BEGIN DATA RECORDS

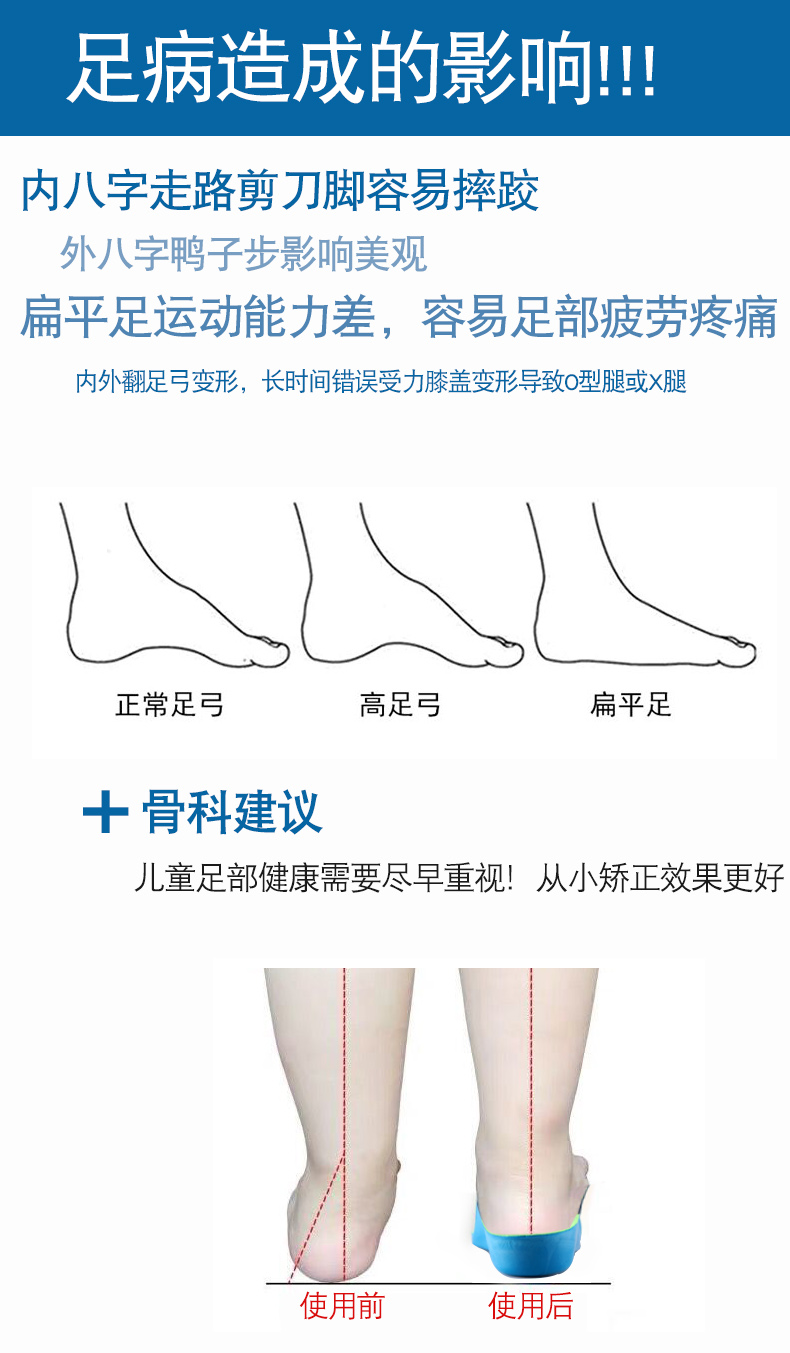小米通用内八字矫正器儿童扁平足鞋垫宝宝内外八字足外翻足弓塌陷支撑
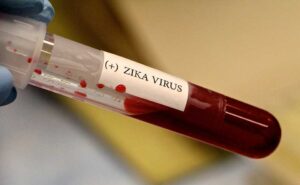 A gloved hand holds a test tube containing blood with a label that reads (+) ZIKA VIRUS, indicating a positive test result for the Zika virus.
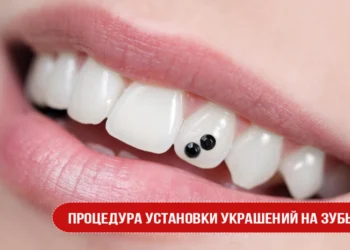 Процедура установки украшений на зубы
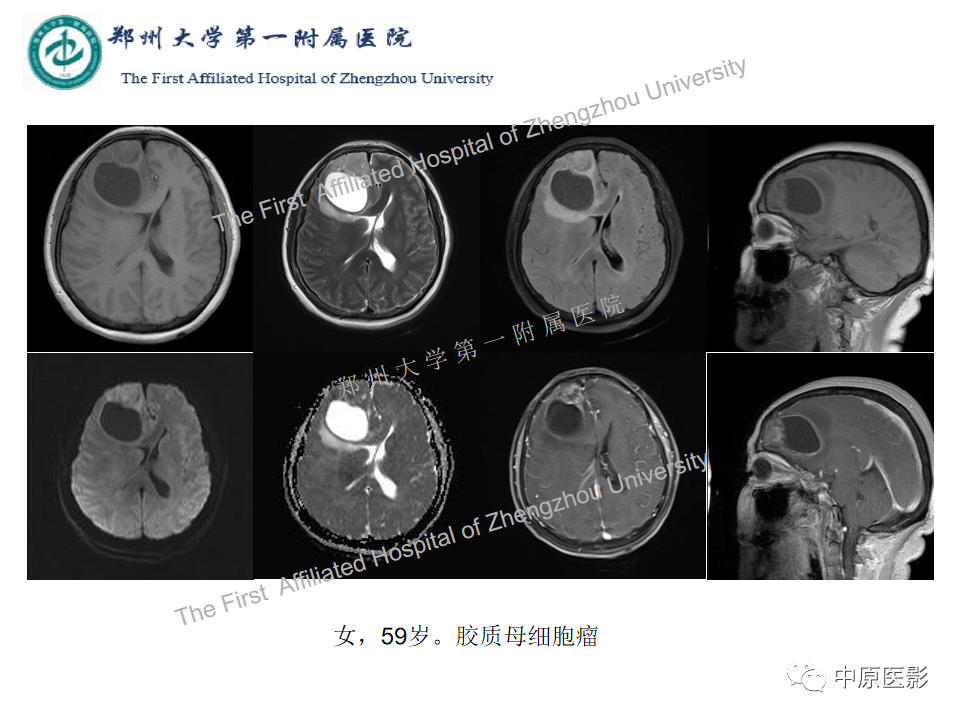 影像PPT - 【病例】脑脓肿1例MR影像-1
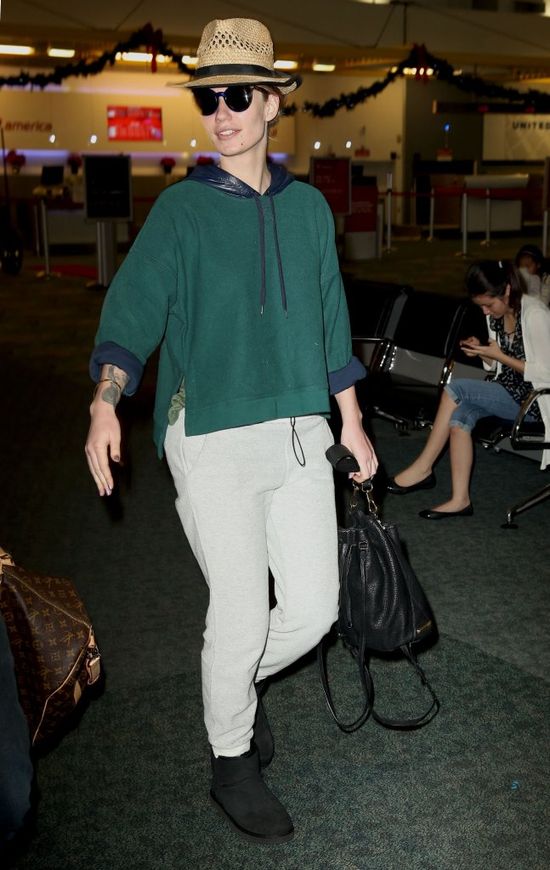 Co się stało z twarzą Iggy Azalei? (FOTO)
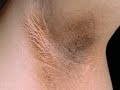 HOW TO LIGHTEN DARK UNDERARMS??? #TMITUESDAYS HOW TO LIGHTEN DARK UNDERARMS??? #TMITUESDAYS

END DATA RECORDS

• THE PROBLEM:
Reproduce precisely the lines of the entries above, from the one containing "Процедура установки украшений на зубы" through the final one, both ends included, and omit the pictures.

• COMPLETED EXERCISE:
 Процедура установки украшений на зубы
 影像PPT - 【病例】脑脓肿1例MR影像-1
 Co się stało z twarzą Iggy Azalei? (FOTO)
 HOW TO LIGHTEN DARK UNDERARMS??? #TMITUESDAYS HOW TO LIGHTEN DARK UNDERARMS??? #TMITUESDAYS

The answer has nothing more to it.